■ **Work task**
All entries are to be quoted exactly; the images stay out of the copy.

■ **Records shown**
==============================

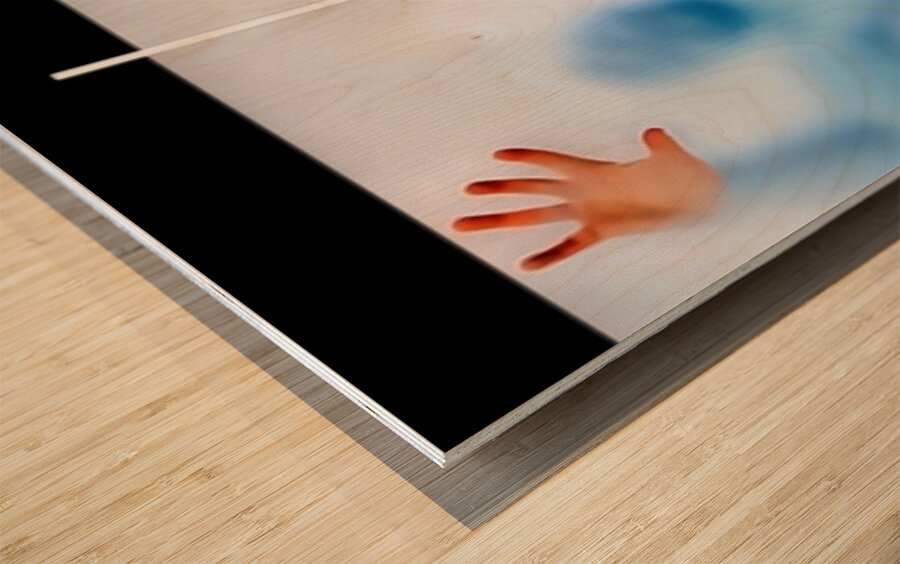 TITLE  :  INNER ESCAPE  Wood print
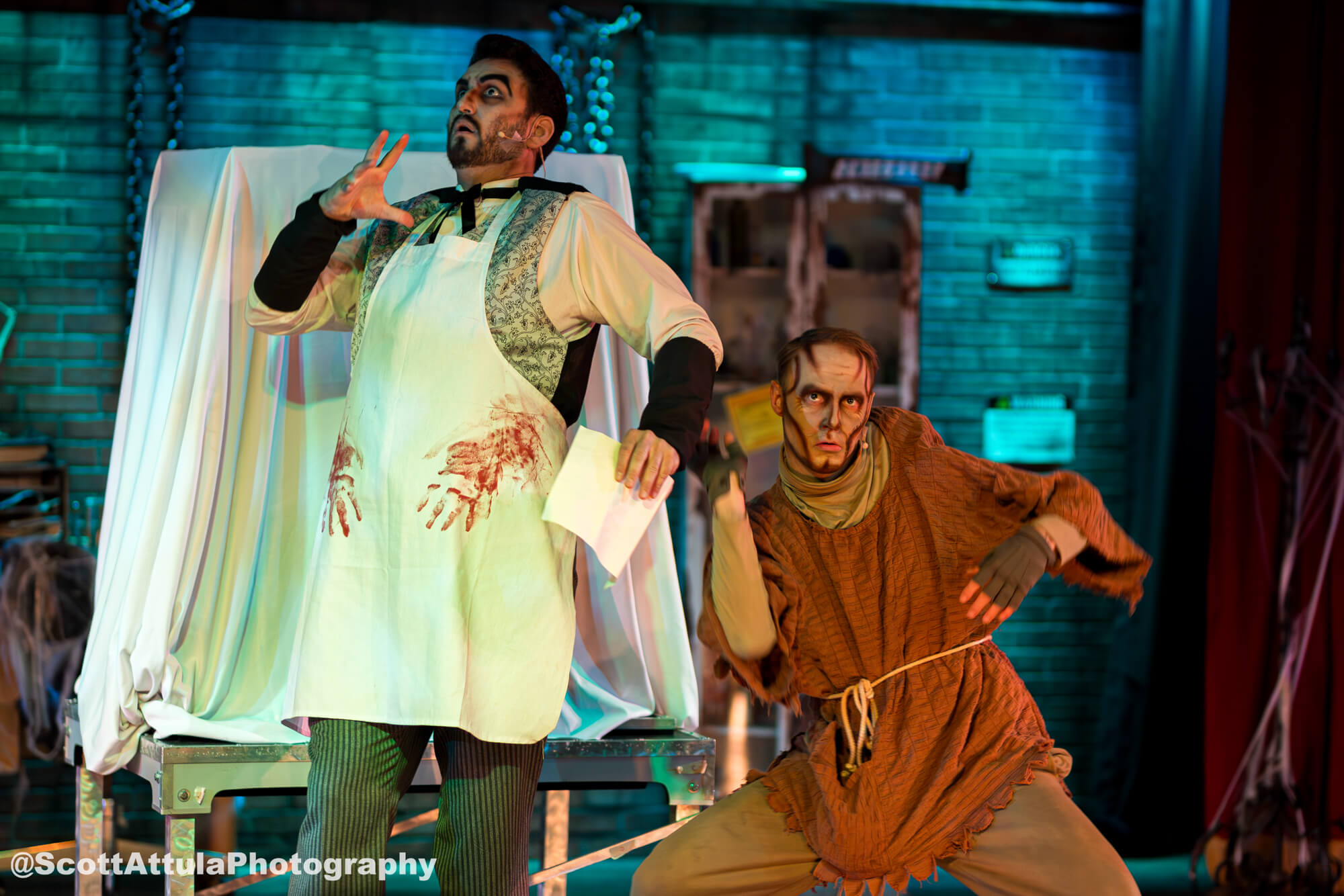 Knott's Scary Farm Entertainment, Knott’s Scary Farm 50th Anniversary Entertainment – Masterfully Macabre!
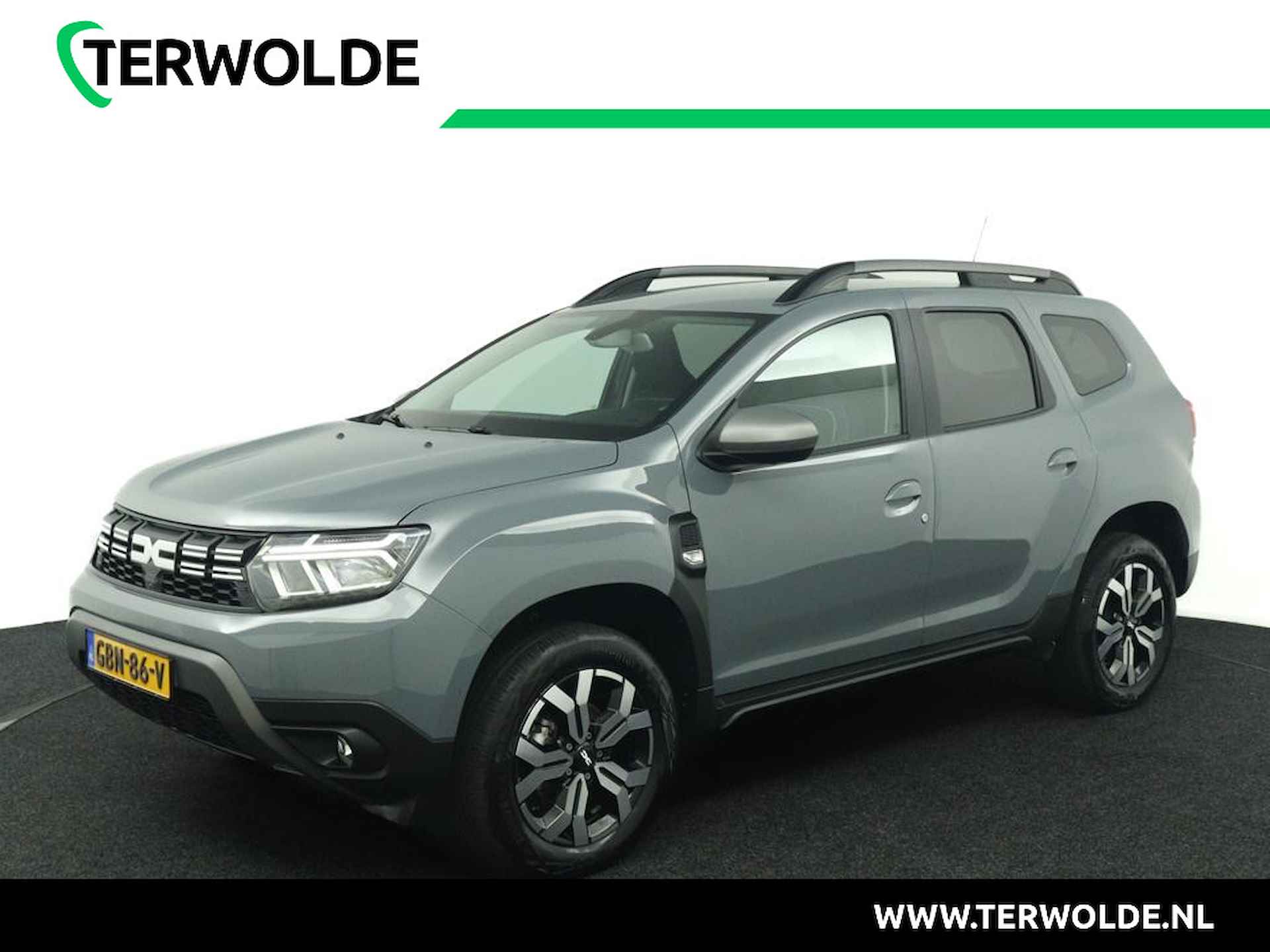 Dacia Duster 1.0TCe 100PK Extreme | Navigatie | 360 Camera | LED Koplampen | New Logo | LED Koplampen | Climate Control | Cruise Control | Parkeersensoren | Privacy Glas | Licht Metalen Velgen | - 1/46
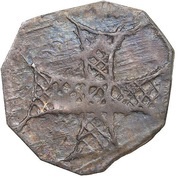 1 Penning Visby obverse image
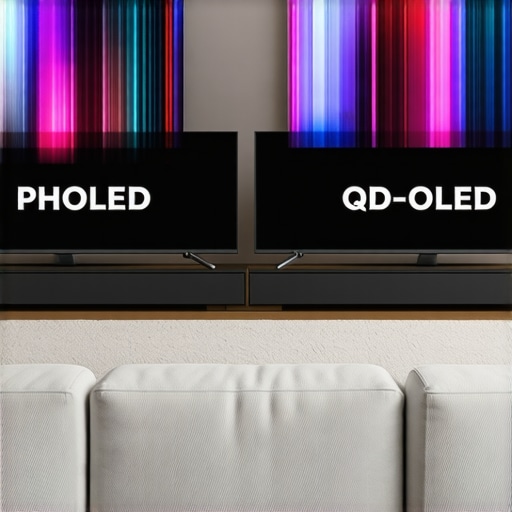 PHOLED vs QD-OLED: Which 2026 Panel Wins for Movie Accuracy?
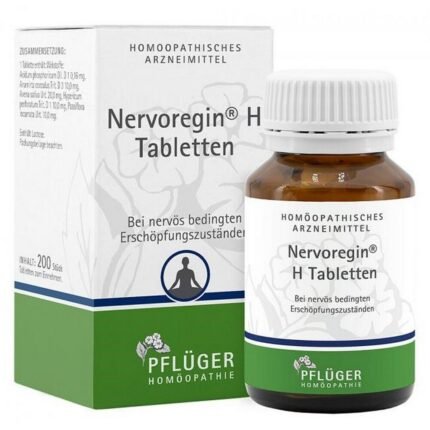 Nervoregin H Tablets 200 pcs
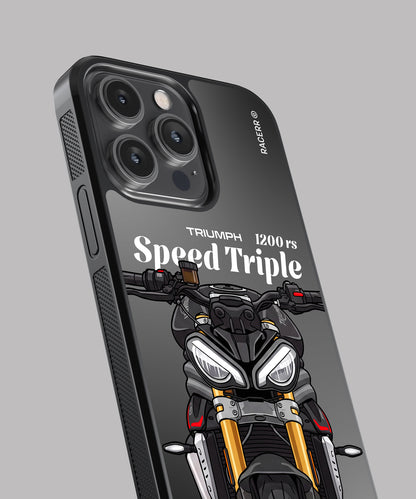 Cover "Cartoon" Triumph Speed Triple 1200rs [2025+]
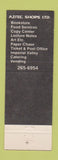 Matchbook Cover - San Diego State Aztecs CA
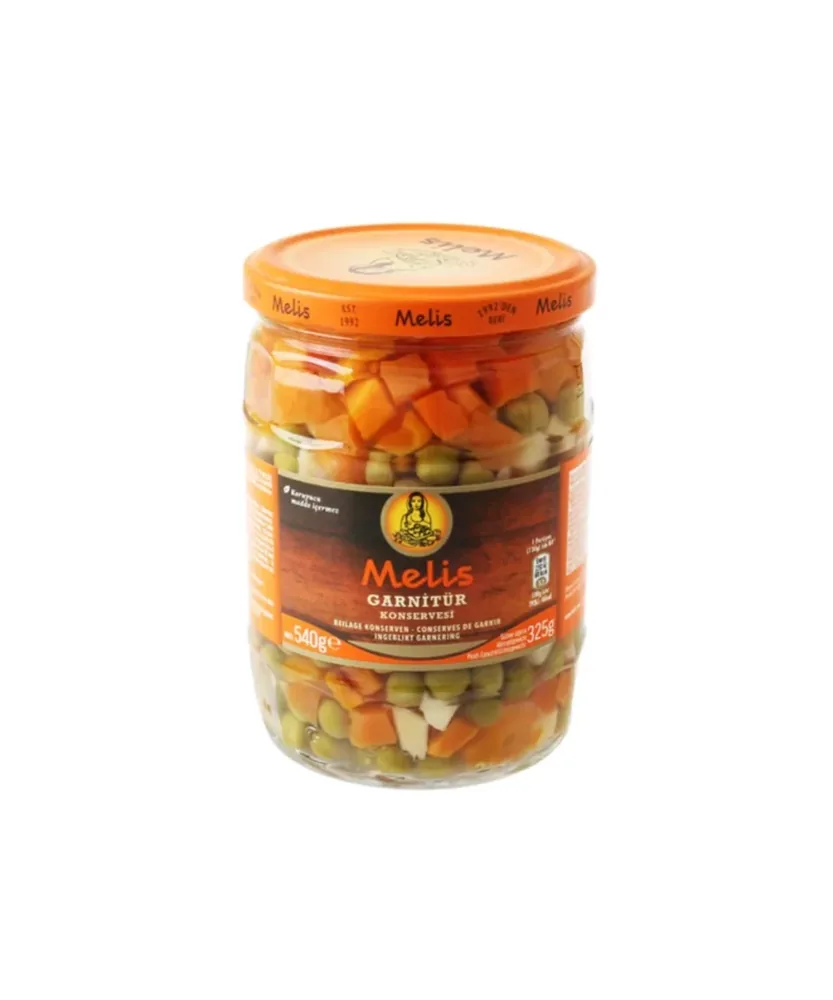 Melis Garnitür (540 ml)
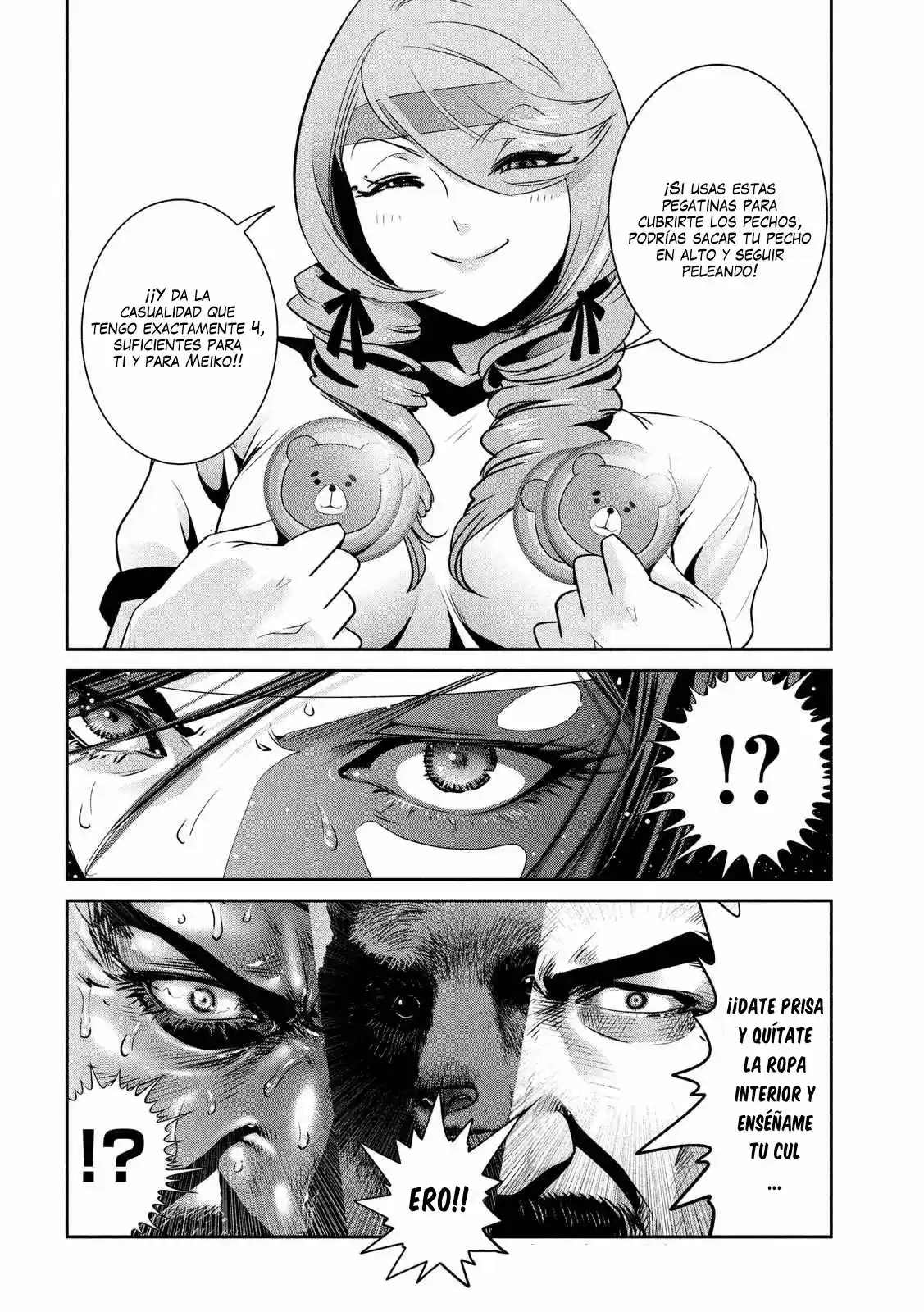 Prison School (2011) - Capítulo 221 - Página 17 - LectorTMOo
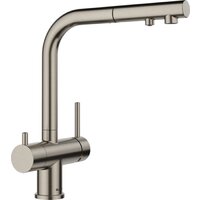 Blanco Fontas-S II 527715 (satin platinum)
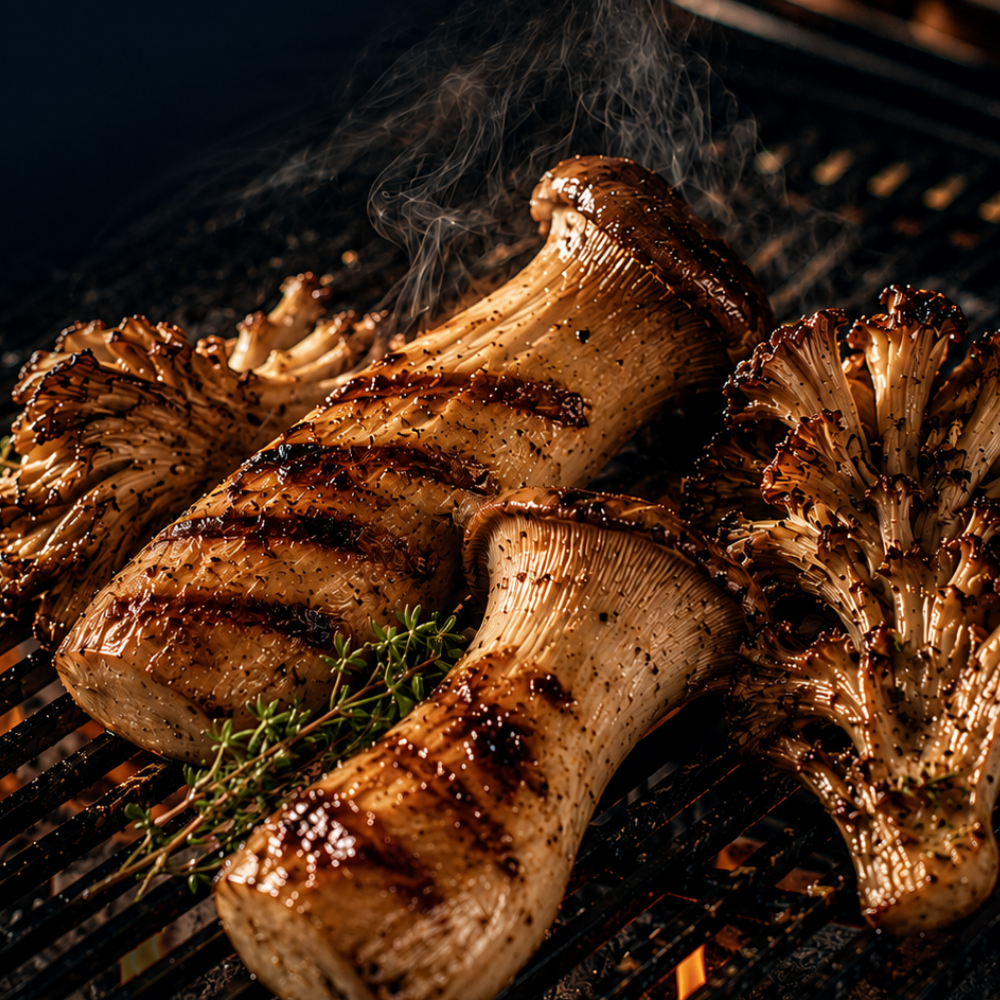 Father's Day Grilling: The Mushrooms That Eat Like Meat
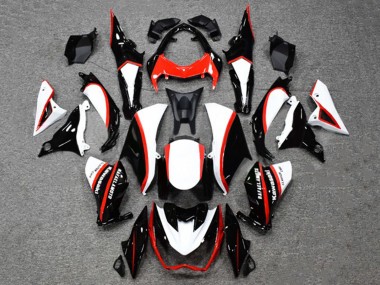 2014-2019 Glossy Black White Red Kawasaki Z1000 Motorcycle Fairings Canada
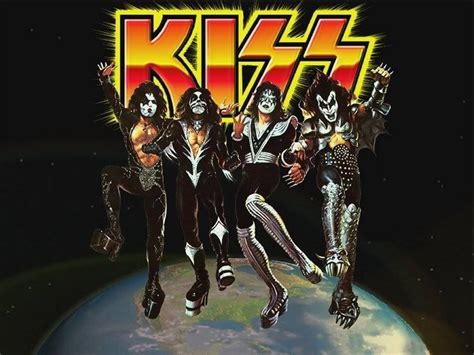 Kiss Wallpaper Kiss ~ Destroyer Kiss Band Kiss Art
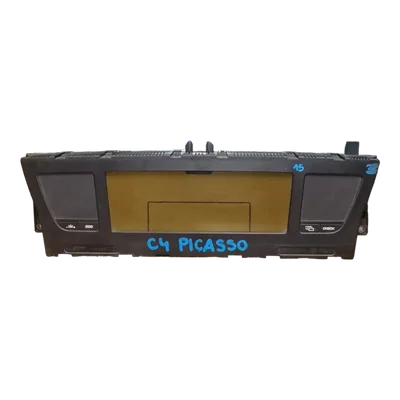 Citroen  C4 Grand Picasso  07-13   kilometar sat/brzinomjer    9663755980   28119623-3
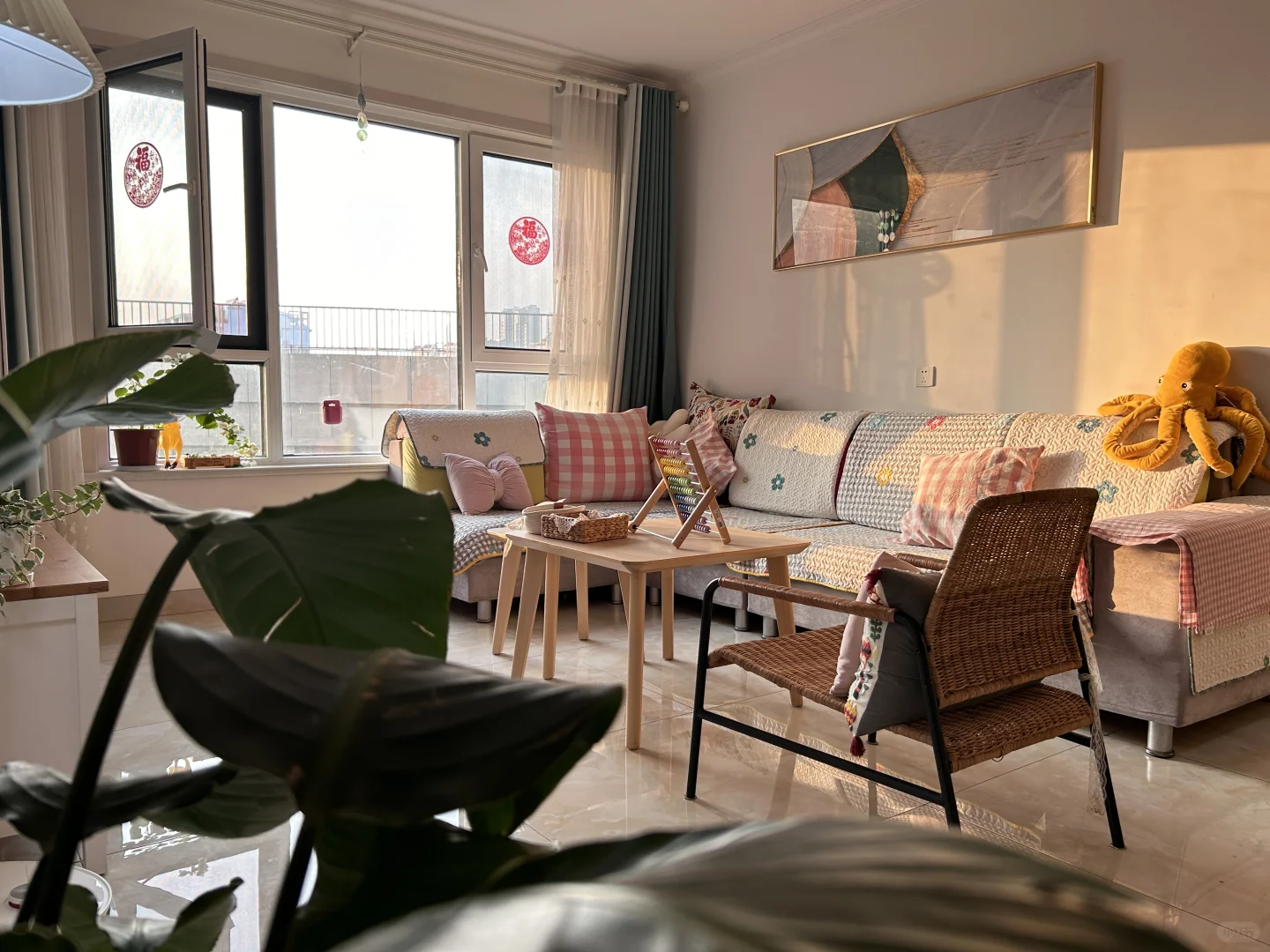 干净的家，舒服的让人不想出门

==============================

■ **Result of the exercise**
 TITLE  :  INNER ESCAPE  Wood print
 Knott's Scary Farm Entertainment, Knott’s Scary Farm 50th Anniversary Entertainment – Masterfully Macabre!
 Dacia Duster 1.0TCe 100PK Extreme | Navigatie | 360 Camera | LED Koplampen | New Logo | LED Koplampen | Climate Control | Cruise Control | Parkeersensoren | Privacy Glas | Licht Metalen Velgen | - 1/46
 1 Penning Visby obverse image
 PHOLED vs QD-OLED: Which 2026 Panel Wins for Movie Accuracy?
 Nervoregin H Tablets 200 pcs
 Cover "Cartoon" Triumph Speed Triple 1200rs [2025+]
 Matchbook Cover - San Diego State Aztecs CA
 Melis Garnitür (540 ml)
 Prison School (2011) - Capítulo 221 - Página 17 - LectorTMOo
 Blanco Fontas-S II 527715 (satin platinum)
 Father's Day Grilling: The Mushrooms That Eat Like Meat
 2014-2019 Glossy Black White Red Kawasaki Z1000 Motorcycle Fairings Canada
 Kiss Wallpaper Kiss ~ Destroyer Kiss Band Kiss Art
 Citroen  C4 Grand Picasso  07-13   kilometar sat/brzinomjer    9663755980   28119623-3
 干净的家，舒服的让人不想出门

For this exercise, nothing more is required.